Bu savaşın sebepleri ve suçlularını tesbit için rapor yazan şeyhülislam Yahya Efendi… Diyor ki:
Savaştan önce dünyada ne kadar Millet varsa hepsi, matbuat yoluyla Osmanlı’ya düşman ilan edildi ve hepsi Osmanlı’ya böylece düşman oldular. Eğer bu savaşın suçluları cezalandırılacak olursa, cezaen öldürülecek insanları gömecek insan kalmaz.
Yani…
Balkan savasina kesin kazanacağız diye girdik.
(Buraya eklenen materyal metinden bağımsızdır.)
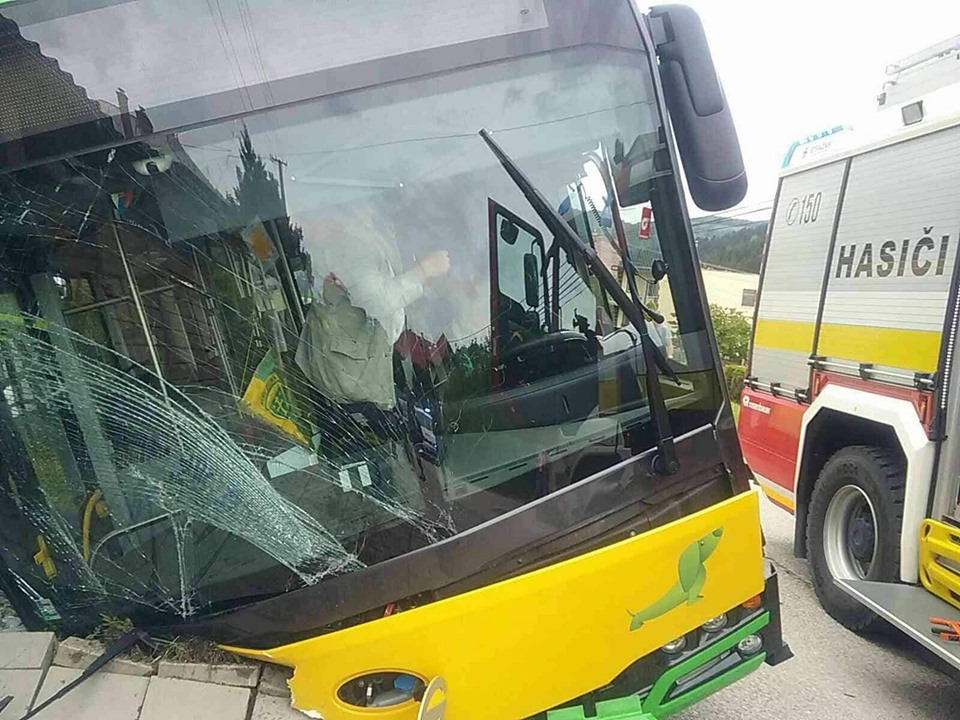 02 - Dopravná nehoda linkového autobusu v mestskej časti Zádubnie v Žiline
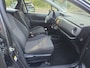 Toyota Yaris 1.3 VVT-i Aspiration | 2E EIGENAAR | 3/6 OF 12MND GARANTIE | NAVI | CAMERA | AIRCO | NW APK |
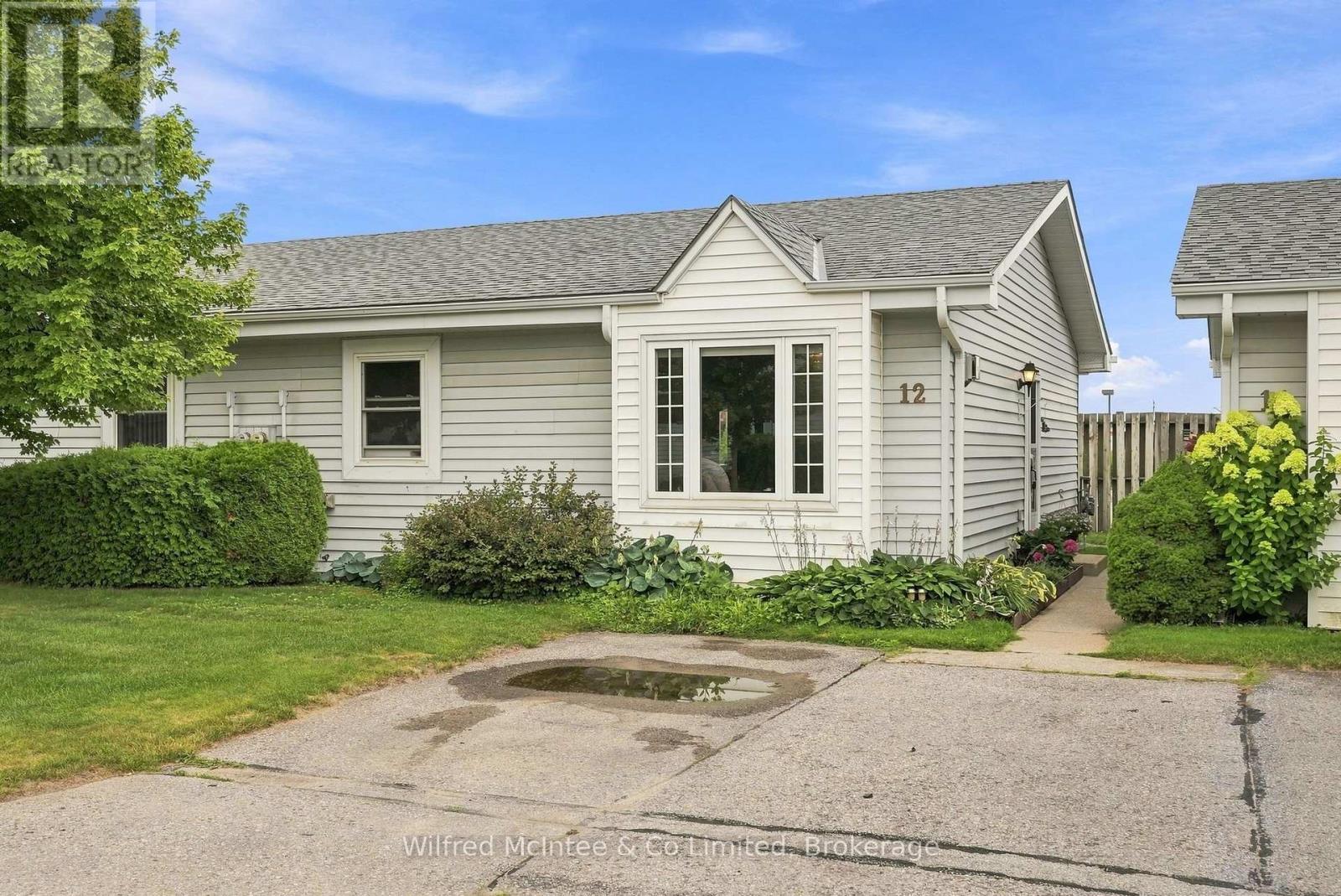 12 - 303 Waterloo Street, Saugeen Shores, Ontario  N0H 2C1 - Photo 2 - X13657498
Hatta dünya da buna böyle inandığı için savaşın başında bütün ülkeler Osmanlı’ya bu savaşın sonuçlarını kesinlikle kabul etmeyeceklerini bildirdiler.
Osmanlı savaşta darmadağın olunca bu ülkeler savaşın başında verdikleri ültimatomlari geri çektiler ve sonunda Edirne’yi kurtarabilmekle mutlu olduk.
Savaşta üç milyona yakın insanımız öldü veya yurdunu terk etmek zorunda kaldı.
Yani…
Savaşa girmek kolay lakin hiçbir savaşın neticesi senin elinde değildir.
Yahya Efendi raporunda bir de şunu diyor:
Diyor ki, olan millete ve devlete oldu. Savaştan önce savaş için nümayiş yapan hiç kimseye hiçbir şey olmadı.
O nümayişçilerin şimdiki adı klavye kahramanları veya kürsü mücahitleri…
Atıyorlar ve tutuyorlar. Harita ellerinde ve aleme nizamat veriyorlar.
Savaşa dair hangi neticenin zafer hangi neticenin mağlubiyet sayılacağını dair bile en küçük bir karar ve izahatlari da yok.
Bütün mesele savaşa girmek. Savaşsız bir netice onlara göre mutlak bir yenilgi demek.
Her gün nümayiş yapıyorlar. Yirmi beş yıldır en kötü şekilde yönetilen ve bir bakıma her şeyi yok edilmiş Türkiye’nin o muazzam gücü ile bütün düşmanları yenecekler bu ahmaklar.
Sonra?
Turkiye haritadan silinse bayram edecek olanlar da bunlardır.